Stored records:
Start of Block

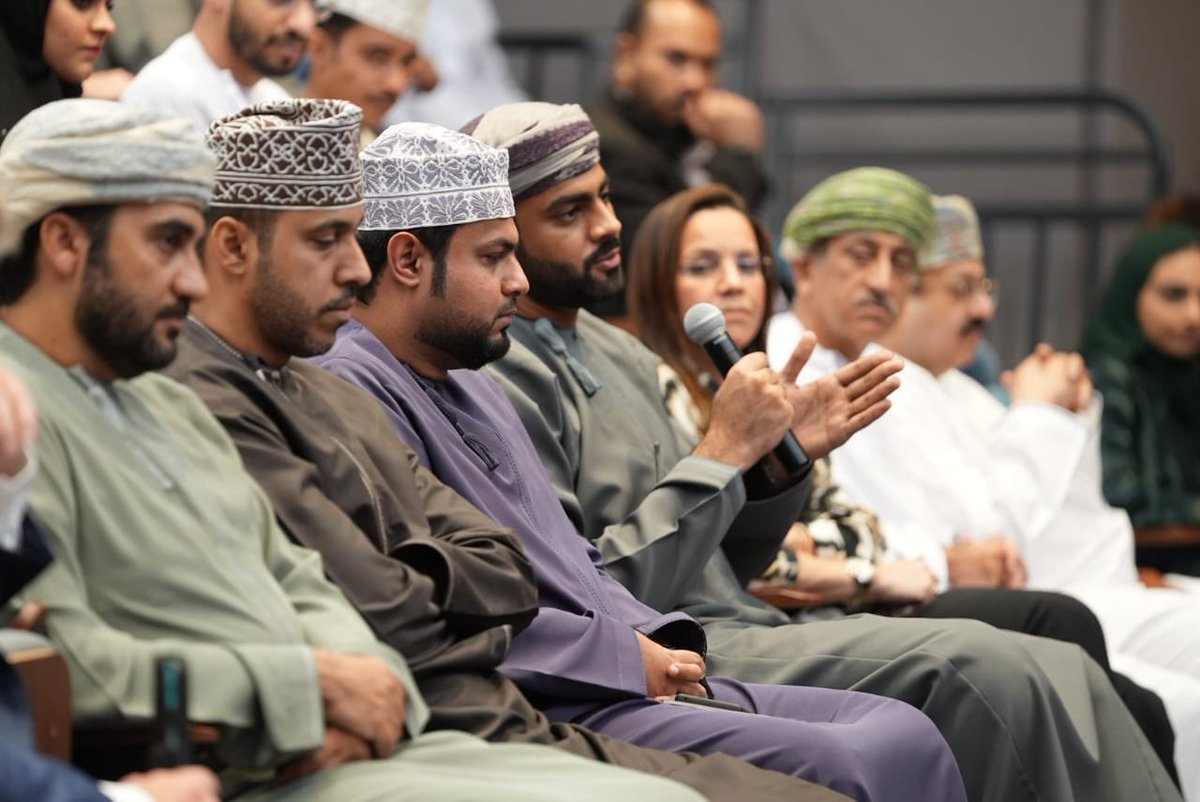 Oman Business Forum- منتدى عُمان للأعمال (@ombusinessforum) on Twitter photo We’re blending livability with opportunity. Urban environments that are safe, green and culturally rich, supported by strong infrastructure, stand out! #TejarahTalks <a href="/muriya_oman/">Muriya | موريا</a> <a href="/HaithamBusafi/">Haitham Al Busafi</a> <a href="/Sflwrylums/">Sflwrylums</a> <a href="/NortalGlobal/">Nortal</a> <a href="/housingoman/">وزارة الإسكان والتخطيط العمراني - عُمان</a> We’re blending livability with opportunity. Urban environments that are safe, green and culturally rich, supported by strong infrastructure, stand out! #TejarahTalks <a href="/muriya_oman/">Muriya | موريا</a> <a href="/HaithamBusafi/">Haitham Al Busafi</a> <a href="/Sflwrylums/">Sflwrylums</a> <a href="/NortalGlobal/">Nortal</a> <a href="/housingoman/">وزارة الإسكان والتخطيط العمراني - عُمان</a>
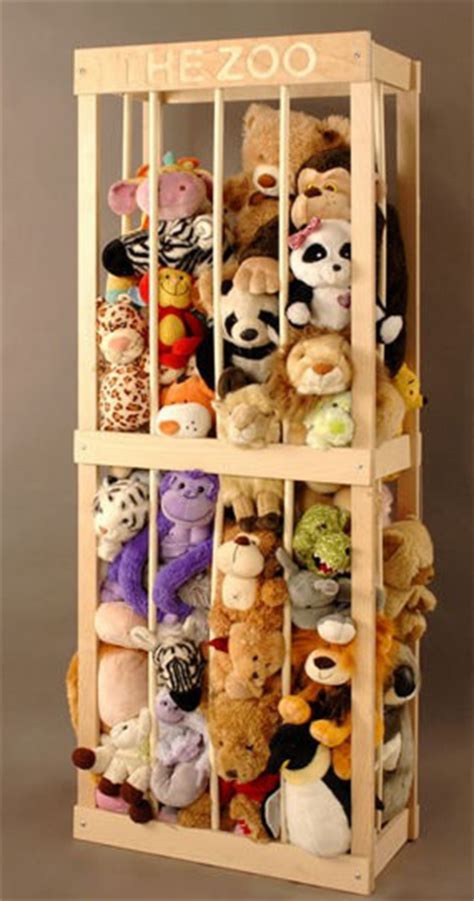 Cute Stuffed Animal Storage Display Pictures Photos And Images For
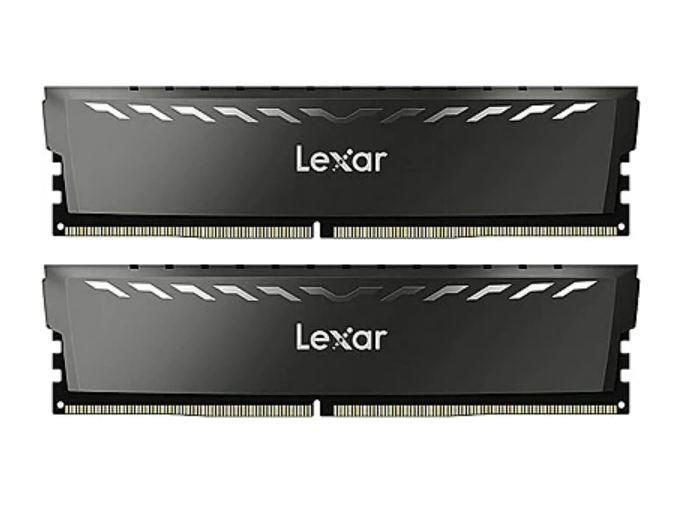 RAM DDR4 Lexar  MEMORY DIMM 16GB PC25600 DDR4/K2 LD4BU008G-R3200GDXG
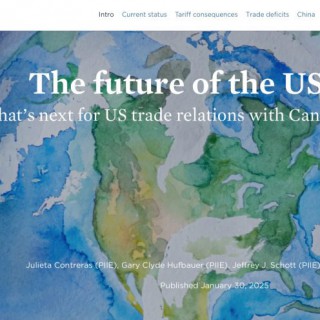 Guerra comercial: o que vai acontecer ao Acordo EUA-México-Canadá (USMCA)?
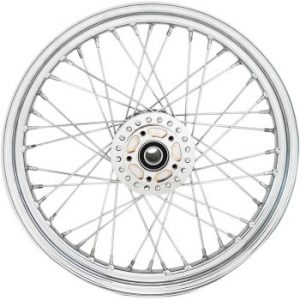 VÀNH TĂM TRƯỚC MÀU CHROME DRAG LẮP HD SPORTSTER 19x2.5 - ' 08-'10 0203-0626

End of Block

▶ **Directions for this task**
Leave out the pictures, and retype exactly the lines from the one containing "Guerra comercial: o" through the last line of the data above, no more and no less.

▶ **Response to the task**
 Guerra comercial: o que vai acontecer ao Acordo EUA-México-Canadá (USMCA)?
 VÀNH TĂM TRƯỚC MÀU CHROME DRAG LẮP HD SPORTSTER 19x2.5 - ' 08-'10 0203-0626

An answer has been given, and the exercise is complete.